Después de una primavera horripilante, ha aparecido el buen tiempo en el norte de España y, por lo que se ve, este fin de semana todos nosotros hemos decidido ir a la playa al mismo tiempo, provocando el embotellamiento circulatorio que era de esperar. Todos lo sabíamos y aún así nos hemos metido en el coche y nos hemos preparado para permanecer detenidos en la carretera durante horas, tratando de no segregar cantidades excesivas de odio hacia nuestros semejantes. Una vez superado el atasco, hemos llegado a la playa y hemos buscado un sitio para aparcar el coche, dando muchas vueltas al sol mientras nuestros hijos perdían la paciencia y comenzaban a pelearse en el asiento de atrás. Cuando hemos aparcado el vehículo, hemos accedido a la playa y ha comenzado la lucha por los metros cuadrados de arena que quedaban sin ocupar. Una vez logrado el espacio personal y ubicados ya nuestros múltiples enseres y bultos, nos hemos dedicado a pasar calor y a tratar de conseguir que nuestros hijos no se quemen por efecto del sol, no se ahoguen en el mar o que no se pierdan entre la turbamulta. Al cabo de un rato, ya era hora de volver a casa, y el procedimiento migratorio de la ida se reproduce a la vuelta.

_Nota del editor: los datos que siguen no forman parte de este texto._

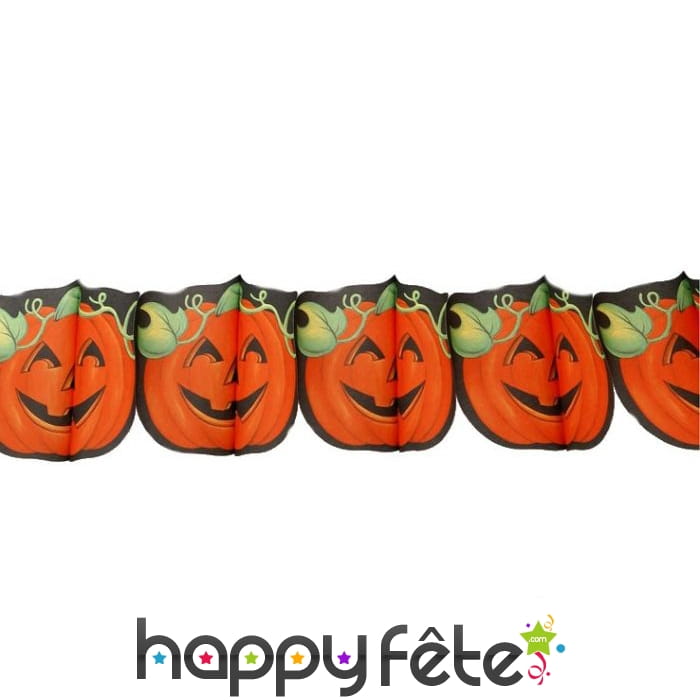 Guirlande de citrouilles souriantes en papier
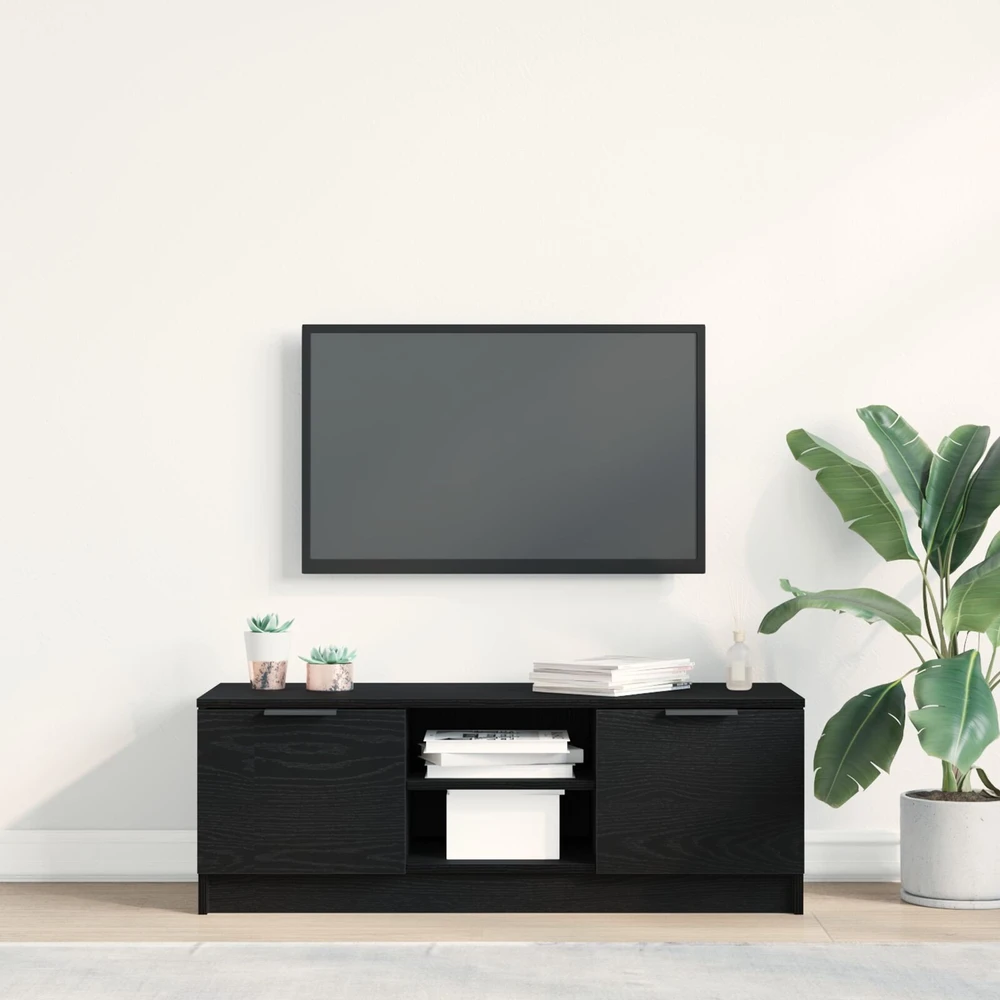 TV staliukas Televizoriaus spintelė 102 x 32 x 35.5 cm Juodas ąžuolas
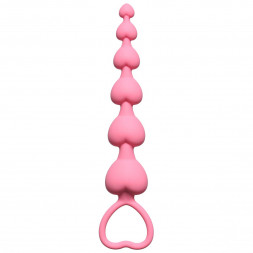 Розовая анальная цепочка Heart's Beads Pink - 18 см.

Esta dinámica es regresiva y nos coloca en el mismo plano evolutivo que el ganado ovino. Cuando decidimos aprovechar el día en la playa con nuestros conciudadanos estamos entregando nuestra individualidad personal, y antes de salir de casa colgamos voluntariamente el raciocinio humano en el perchero de la entrada. Es evidente que cuando uno tiene hijos pequeños no queda otro remedio que salir de casa, y la playa es un lugar idóneo para que los niños se desfoguen; por tanto, mientras todos tengamos el mismo calendario laboral, hay motivos para pensar que las masificaciones tremendas de los fines de semana continuarán produciéndose.

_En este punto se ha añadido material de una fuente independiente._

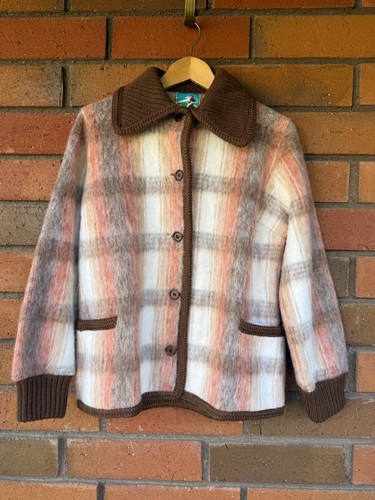 Vintage plaid wool jacket - plaid,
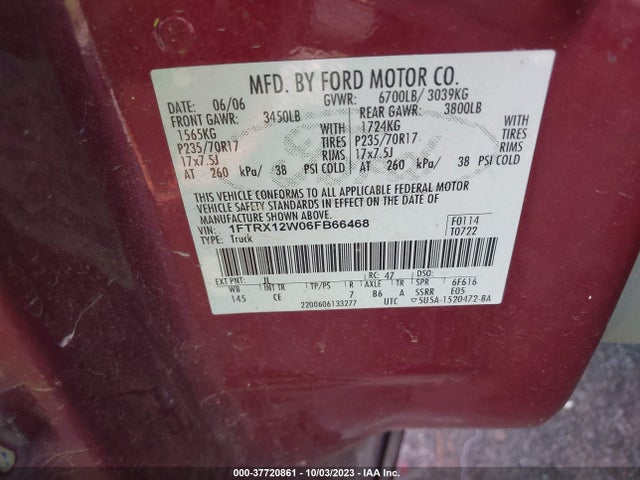 2006 FORD F-150 STX/XLT/XL VIN: 1FTRX12W06FB66468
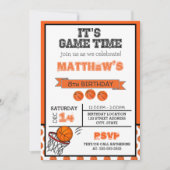 Basketbal Sport Party Uitnodiging (Voorkant)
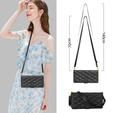 Чохол-сумка для Samsung Galaxy A56 5G, Rhombus Crossbody Leather, чорний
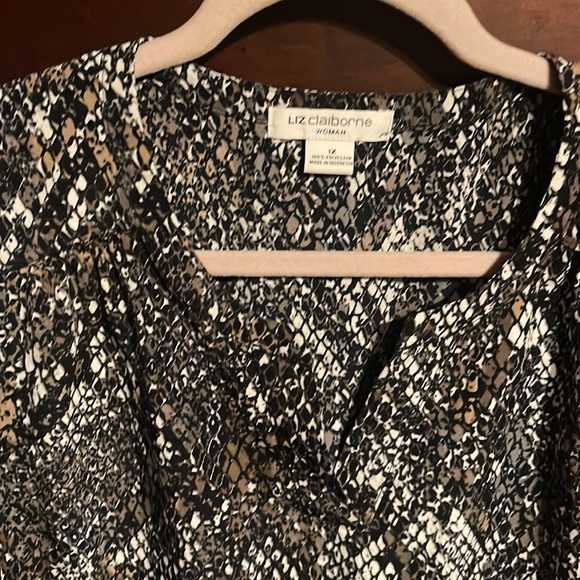 NEW LIZ CLAIBORNE NWT 1X PYTHON TANK BLOUSE WITH MATCHING BELT TIE CAREER TOP - Picture 8 of 8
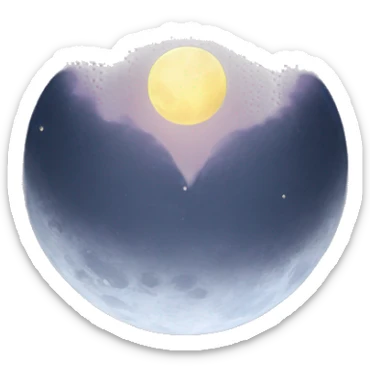 Heart moon  sticker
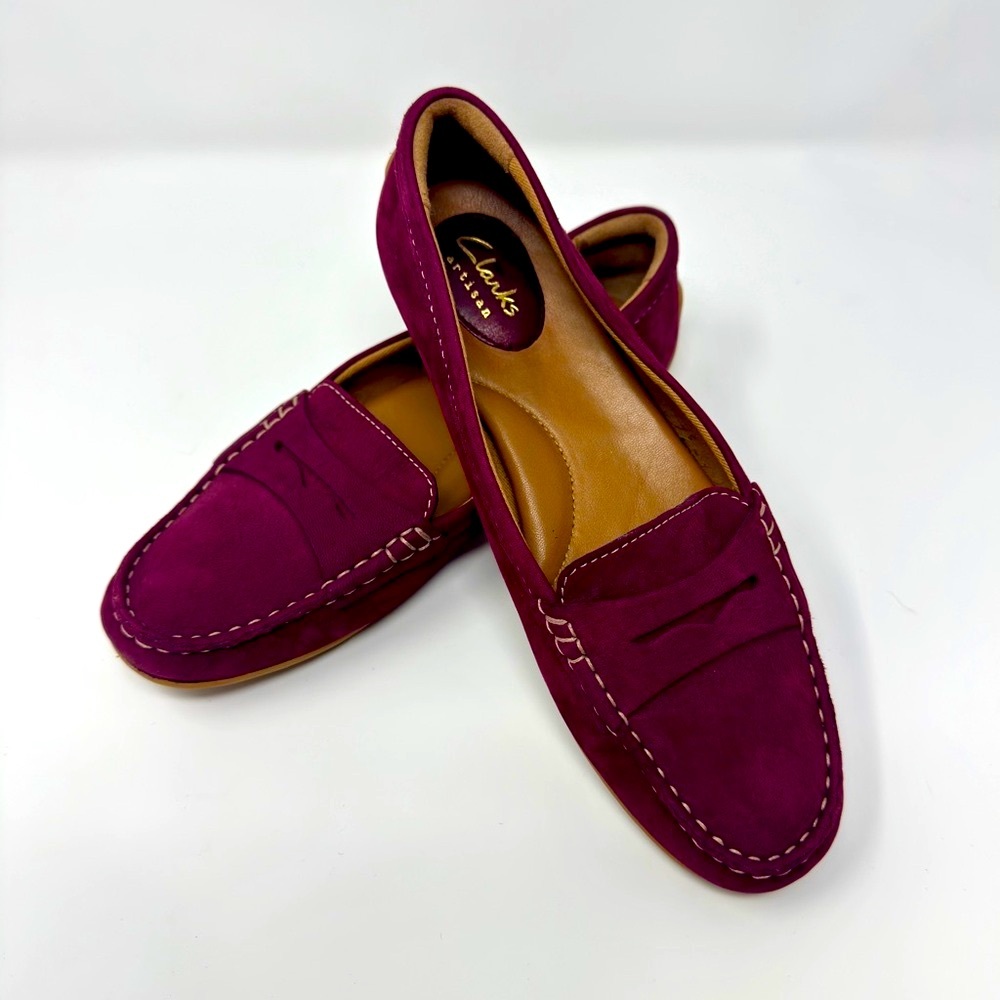 Clarks Artisan Penny Loafers, Magenta Suede, Womens 8, EU 39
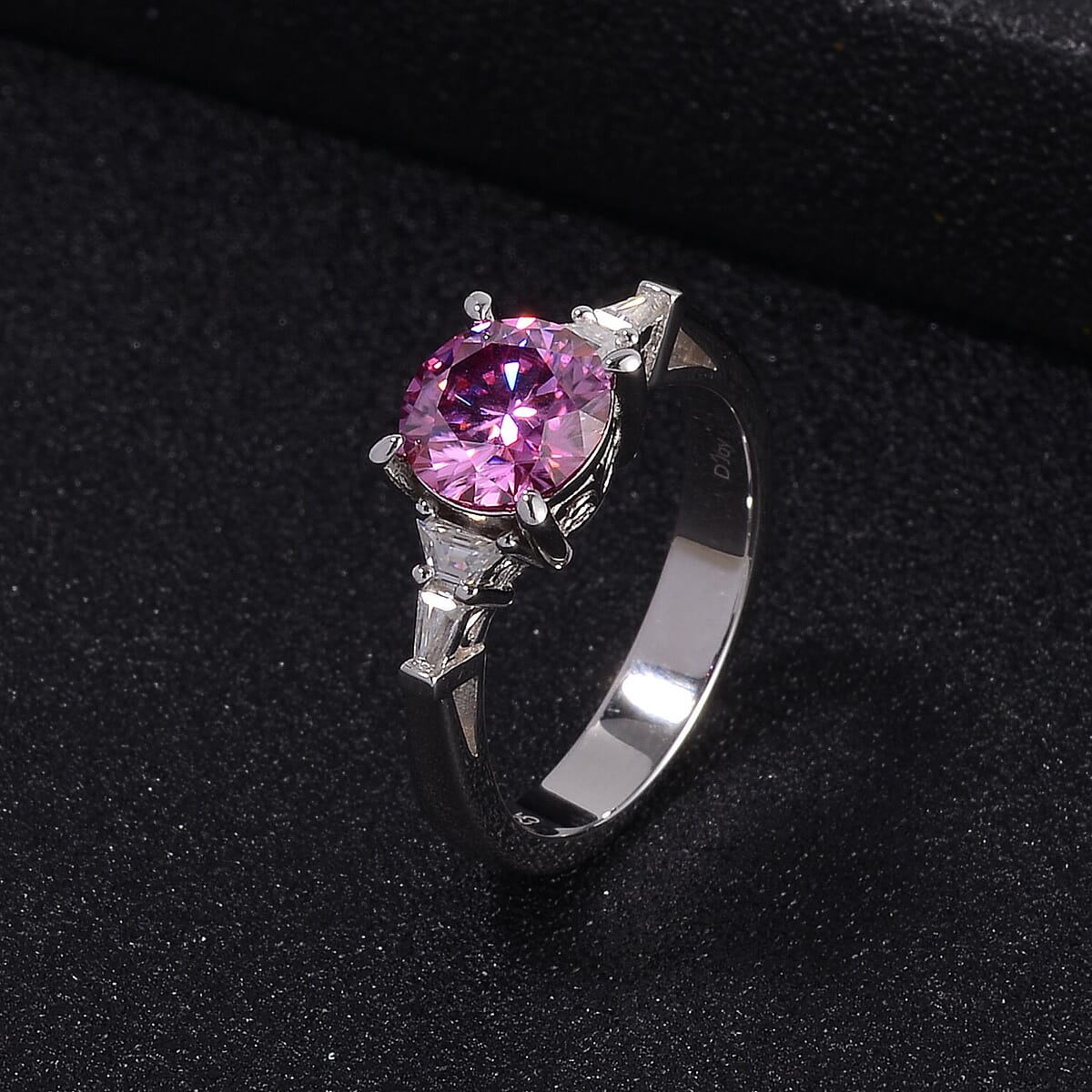 Pink Moissanite and White Moissanite Statement Ring in Platinum Over Sterling Silver (Size 5.0) 2.00 ctw image number 1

Lo que verdaderamente impresiona es que en estas aglomeraciones humanas se ven a veces personas que podrían ahorrarse todo esto, y me refiero, por ejemplo, a todos esos españoles que por motivos diversos no trabajan. Son los parados, los jubilados, los estudiantes universitarios, etc. Cada uno de ellos tiene sus circunstancias vitales y sus desgracias particulares, ante las cuales sólo podemos manifestar el más consternado de nuestros apoyos, pero es evidente que estas personas pueden ir a la playa cualquier día y que, en consecuencia, estas personas podrían renunciar a ir a la playa en las jornadas de marabunta popular. Sin embargo, cuando estamos en la playa vemos a esta gente allí. Han venido. Están compartiendo con nosotros las inconveniencias de la masa.
También sorprende ver entre estas multitudes a parejas adultas sin niños. Cuando uno no tiene niños, se pierde la experiencia asombrosa de la convivencia infantil y no puede disfrutar del cariño y de las ocurrencias de estos personajes, pero como leve compensación uno puede quedarse en casa un domingo, tranquilamente, a la sombra, leyendo un libro y dando quizá un paseo antes de comer. Estos placeres tal vez sean miserables, pero constituyen un lujo asiático si los comparamos con las apreturas multitudinarias que hemos descrito al principio. Sin embargo, hay gente adulta sin responsabilidades familiares que, contra lo que cabría imaginar, se mete en el coche un domingo y se incrusta en la caravana demencial con destino a la playa.
Ante este comportamiento, que parece profundamente irreflexivo, uno se encoge de hombros porque ve que esto pertenece a la inercia pura, la inercia como fenómeno físico imparable. Es decir, que hay un determinado número de personas que se mueven con la marea, sin iniciativa personal, como si fueran un corcho, y que indefectiblemente van allí donde más gente haya. Se entiende que a estas personas no les molesta la aglomeración, sino que incluso podemos empezar a pensar que les gusta y que disfrutan con el aroma de la concentración física. “Menudo ambientazo”, pensarán.